The thermal model incorporates the effect of the geothermal temperature gradient on the compositional gradient. Thermal diffusion effects as well as the variation of fluid properties as a function of temperature can be included in the model. Like isothermal model, the location of the GOC will be estimated if it exists. When the temperature is not constant, the system is not in equilibrium [12].

Compositions at other depths with respect to datum were calculated, using the isothermal compositional grading model - known to be the best model for Iranian oil reservoirs [14] - and imported into the model to simulate the case of compositional grading. A cross sectional view of the reservoir for oil density variation in the models at the initial condition is shown in figures 2 and 3. When compositional grading is not considered in the reservoir model and the fluid is defined uniformly throughout the reservoir depth, no considerable variation in the density with depth is observed (figure 2), while incorporating the compositional grading in the model leads to better recognition of the density variations in the oil column (figure 3).

The effect of compositional grading on saturation pressure and reservoir pressure is illustrated in figure 4. As the result of compositional change saturation pressure is changed. By increasing depth the fluid becomes heavier and saturation pressure is reduced. As one can see from figure 4, saturation pressure gradient is about 0.127 bar/m. Whitson had been implied that expected gradients in saturation pressure range from 0.025 bar/m for black oils to a maximum of about 1 bar/m for near critical oils approaching a GOC [13].

It should be mentioned that although taking the compositional grading into consideration in reservoir simulation leads to a more realistic model but as the complexity of the model rises when considering the compositional grading, the simulation run time increased about ten times.


3.1. The Effect of Compositional Grading in Calculation of Initial Hydrocarbon in Place (IHCIP)
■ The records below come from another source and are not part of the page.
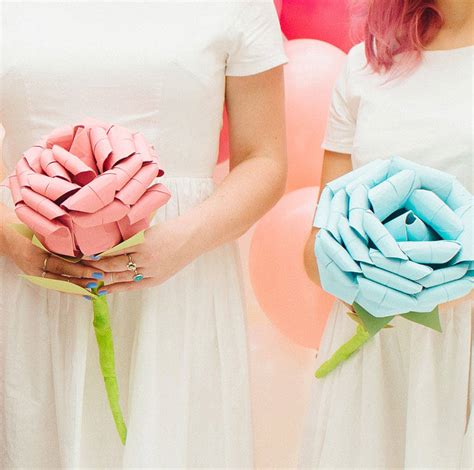 Giant Paper Origami Rose Wedding Bouquet By The Origami Boutique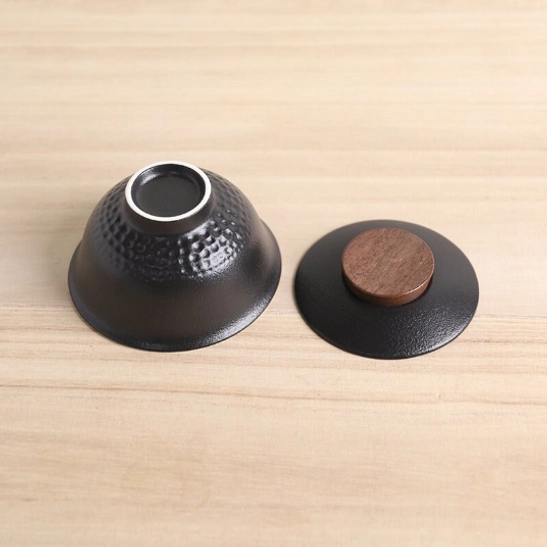 base view of gaiwan tea cup showing wooden saucer bottom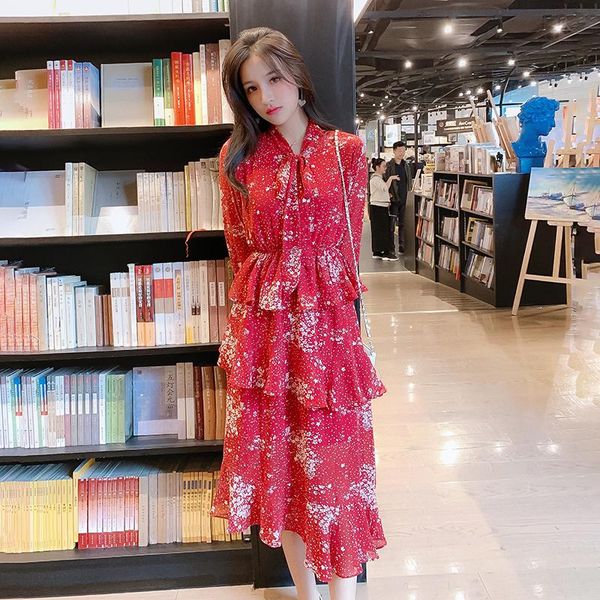 

casual dresses elegant spring ruffle long floral sweet korean fashion flare sleeve dress high street chiffon, Black;gray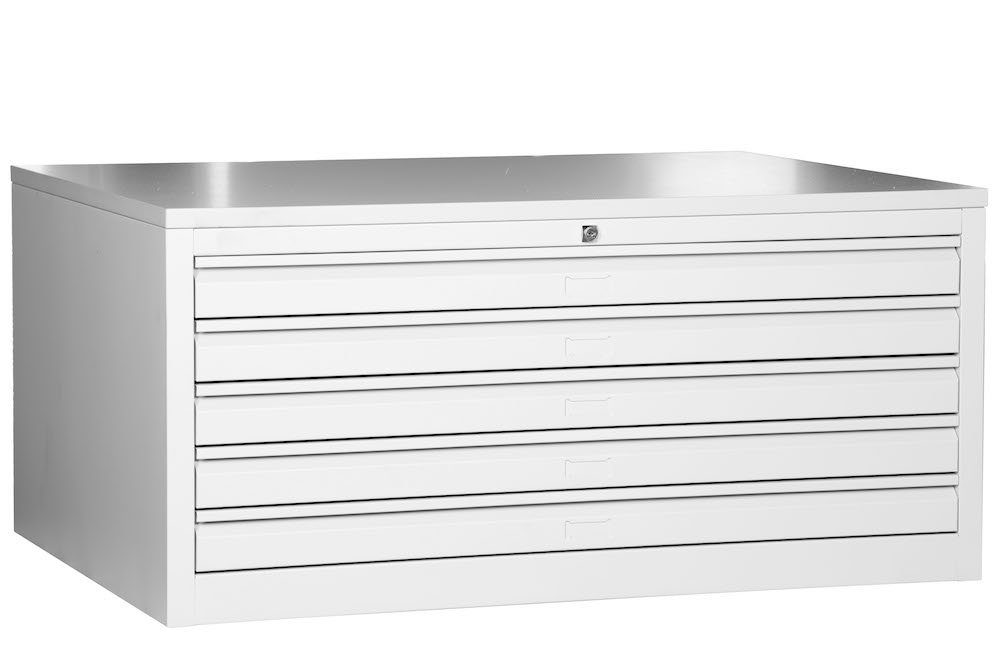 PROREGAL® Aktenschrank Flachablagenschrank Chinchilla, HxBxT105x140x95cm, 10 Grau Schubladen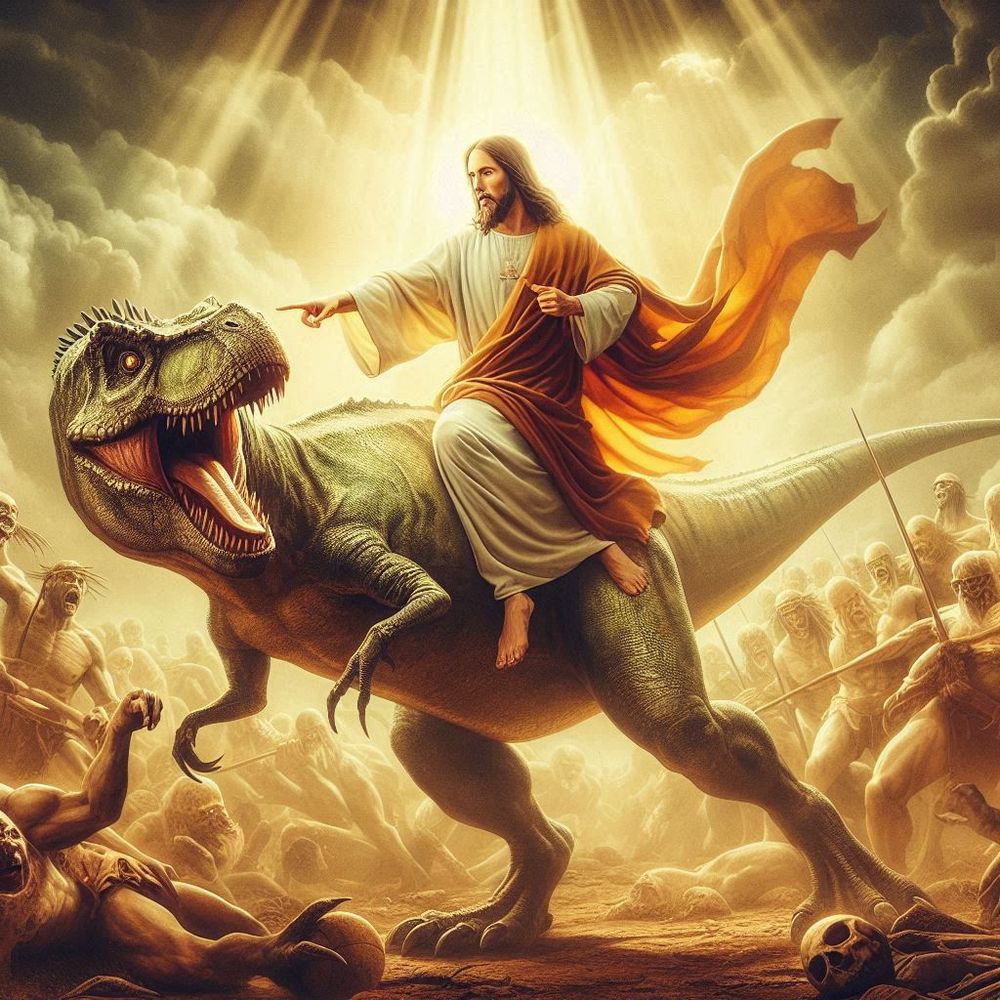 Jesus Christ riding, dare I say censuring, a Tyrannosaurus Rex.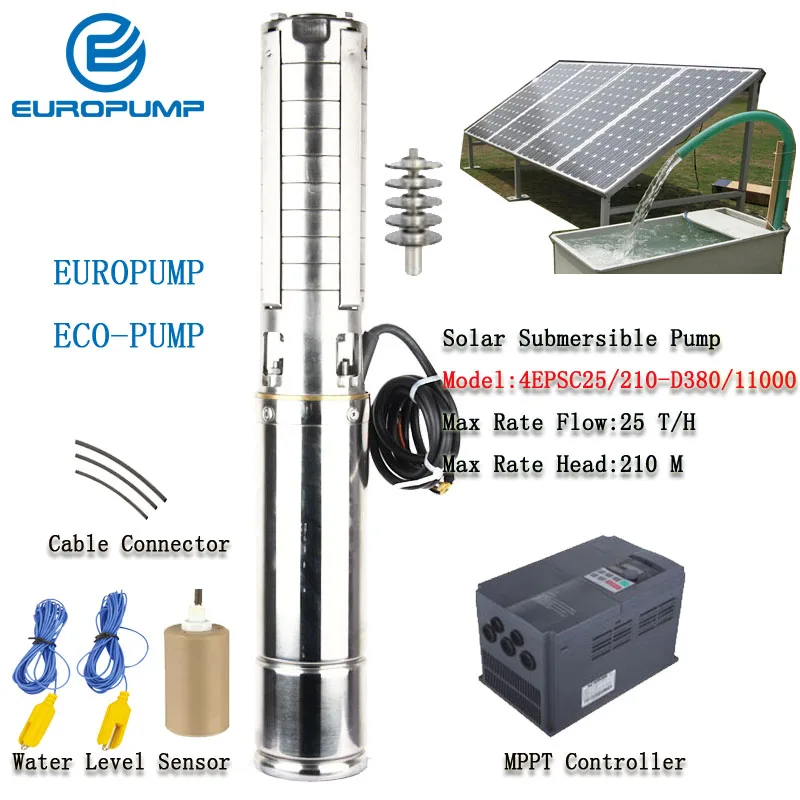 

EUROPUMP 4 Inch 15HP 25000LPH 210M lift Solar Submersible Pumps,Solar Water Pump MPPT controller MODEL(4EPSC25/210-D380/11000)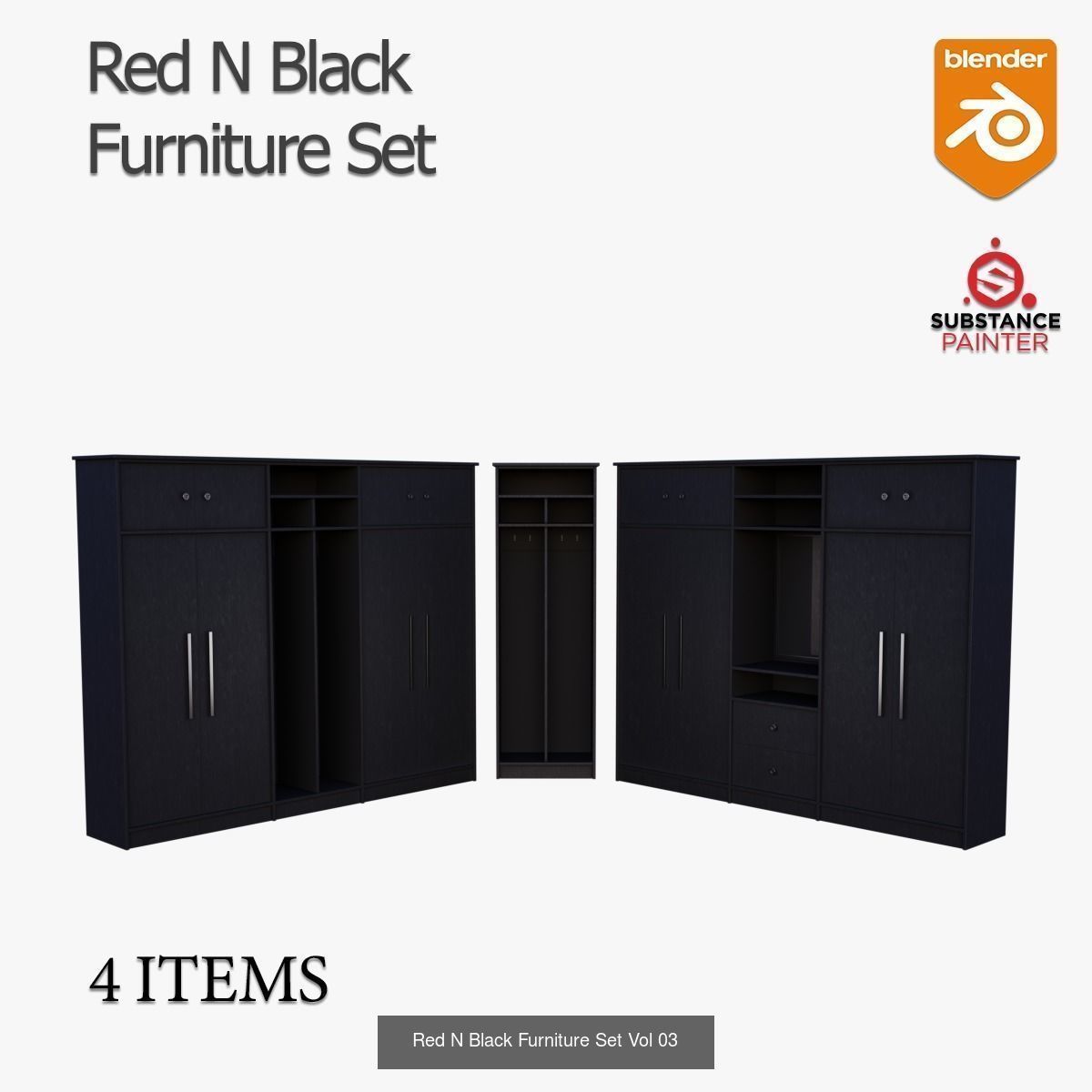 Red N Black Furniture Set 3D Model Collection_2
Compositional gradients in the reservoir can affect some very important aspects of the field development plan. One of the factors that may change significantly in reservoirs with compositional grading is the oil FVF, which must be considered in calculation of the IHCIP [1 and 5].

In equation (2), it is obvious that any change in FVF causes a change in IHCIP. When the reservoir composition is considered uniform, the value of FVF is constant through the reservoir depth, while this value decreases as the depth increases in case compositional grading is observed in the reservoir.

As it is clear from figure 5 the values of calculated IHCIP are close to each other, but increases as depth increases because of the decrease in FVF. The difference in calculated values of IHCIP is rather large and could be less or greater than the real case. The IHCIP value for compositional grading condition is close to the value calculated for the condition where represented sample is from the middle of the reservoir column and could hence be used as a good estimation of IHCIP. Jaramillo and Barrufet also provided a procedure to select a single reference sample composition and the depth at which it should be located such that the estimates of the original hydrocarbons in-place are equivalent to those using the compositional gradient [15], but it should be mentioned that, although using this method could eliminate the error in calculation of IHCIP but the error in calculation of the gas injection recovery factor still remains as high.

The reservoir under study is a low shrinkage one, with a relatively thin oil column. Because of these reasons the effect of compositional grading in IHCIP calculations is not so pronounced, while any error in calculation of IHCIP propagates in other calculations as well.

3.2. Importance of Compositional Grading in Gas

Injection Efficiency Prediction

In gas injection, variations of compositional effects such as miscibility development and some other fluid properties with depth must be taken into consideration [1]. Although different parameters such as the amount of the injected gas, injection well bottom hole pressure, miscibility, etc., are influenced if compositional grading model is used in gas injection simulation studies, we only deal with the recovery factor as it is affected by all the other parameters.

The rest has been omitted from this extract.